Taraflar arasındaki alacak davasından dolayı yapılan yargılama sonunda İlk Derece Mahkemesince davanın kısmen kabulüne karar verilmiştir.

Kararın davacı ve davalı tarafından istinaf edilmesi üzerine, Bölge Adliye Mahkemesince tarafların başvurularının esastan reddine karar verilmiştir.

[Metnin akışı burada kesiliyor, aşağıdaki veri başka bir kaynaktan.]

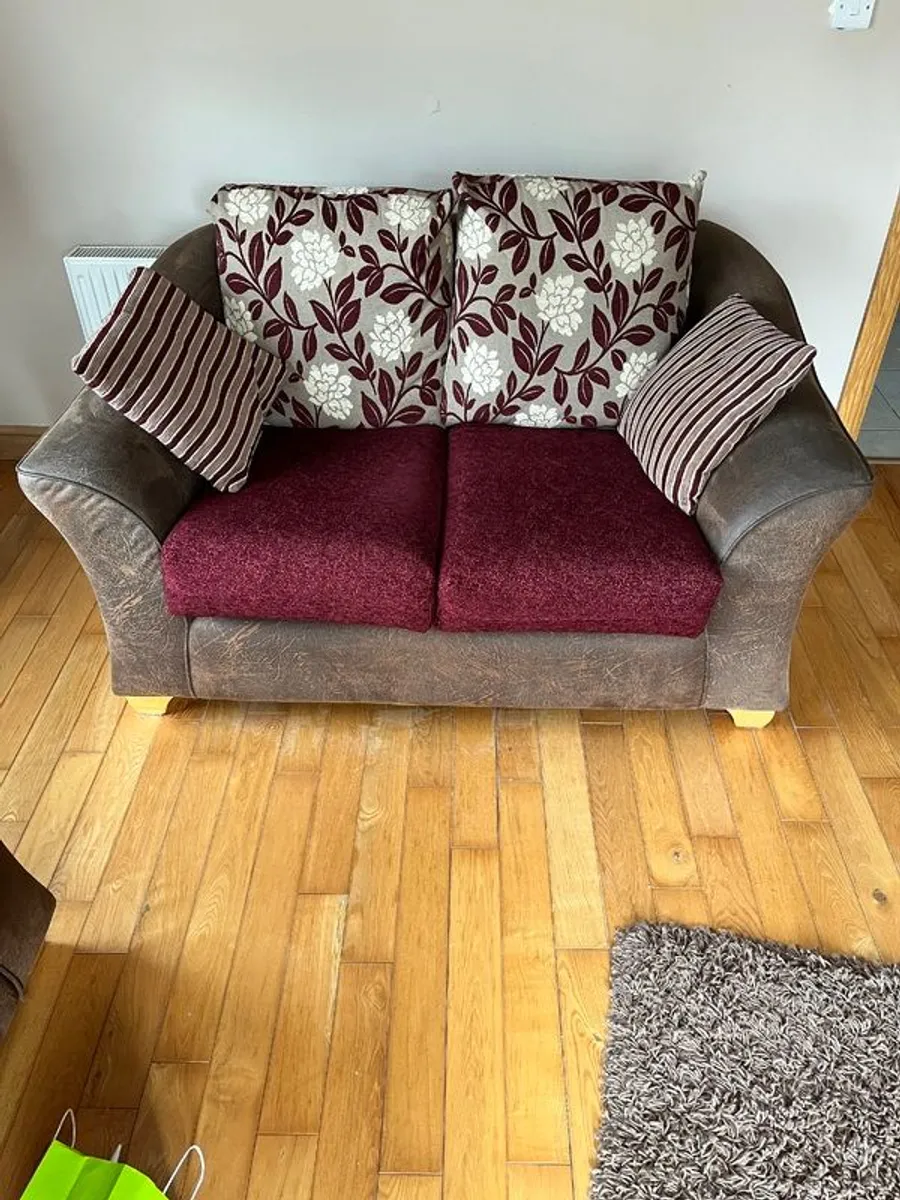 Sofa suite - Image 1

Bölge Adliye Mahkemesi kararı davacı ve davalı tarafından temyiz edilmekle; kesinlik, süre, temyiz şartı ve diğer usul eksiklikleri yönünden yapılan ön inceleme sonucunda temyiz dilekçelerinin kabulüne karar verildikten sonra, dosyadaki belgeler incelenip gereği düşünüldü:

I. DAVA
Davacı vekili dava dilekçesinde; müvekkilinin 01.05.2003-30.11.2016 tarihleri arasında davalı Kurumda şirket elemanı gösterilmek suretiyle kesintisiz bir şekilde çalıştığını, davalı işverence herhangi bir bildirim yapılmaksızın iş sözleşmesinin haksız bir şekilde feshedildiğini, haksız fesihten dolayı davalıya karşı … 1. İş Mahkemesinin 2018/250 Esas sayılı dosyasında açtığı işe iade davasında müvekkili lehine karar verilerek müvekkilinin işe iadesine hükmedildiğini, ilâmın istinaf kararı ile kesinleştiğini ancak davacının başvuruya rağmen işe başlatılmadığını, müvekkilinin Genel İş Sendikası üyesi olduğunu, sürekli olaak 21.00-08.00 saatleri arasında çalışmasına rağmen bu çalışmaların karşılığı olan ücretinin ödenmediğini ileri sürerek kıdem, ihbar ve işe başlatmama tazminatı ile boşta geçen süreye ait en çok dört aya kadar ücret ve diğer haklar, fazla çalışma ücreti, hafta tatili ücreti, ulusal bayram ve genel tatil ücreti, yıllık izin ücreti, asgari geçim indirimi, yol, yemek, çocuk, eğitim yardımı, iş arama izin ücreti, gece vardiya zammı, sendikal tazminat ve toplu iş sözleşmesinden kaynaklanan alacaklarının tahsilini talep etmiştir.

II. CEVAP
Davalı vekili cevap dilekçesinde; öncelikle zamanaşımı definde bulunduklarını, davacının dilekçesinde yer verdiği taleplerinin hiçbirinin yerinde ve hukuka uygun olmadığını, her ne kadar davacı 01.05.2003-30.11.2016 tarihleri arasında çalıştığını iddia etmiş ise de İpekyolu Belediyesinin 01.04.2014 tarihinde kurulduğunu, davacının tüm haklarının kendisine ödendiğini, husumet itirazlarının bulunduğunu savunarak davanın reddini istemiştir.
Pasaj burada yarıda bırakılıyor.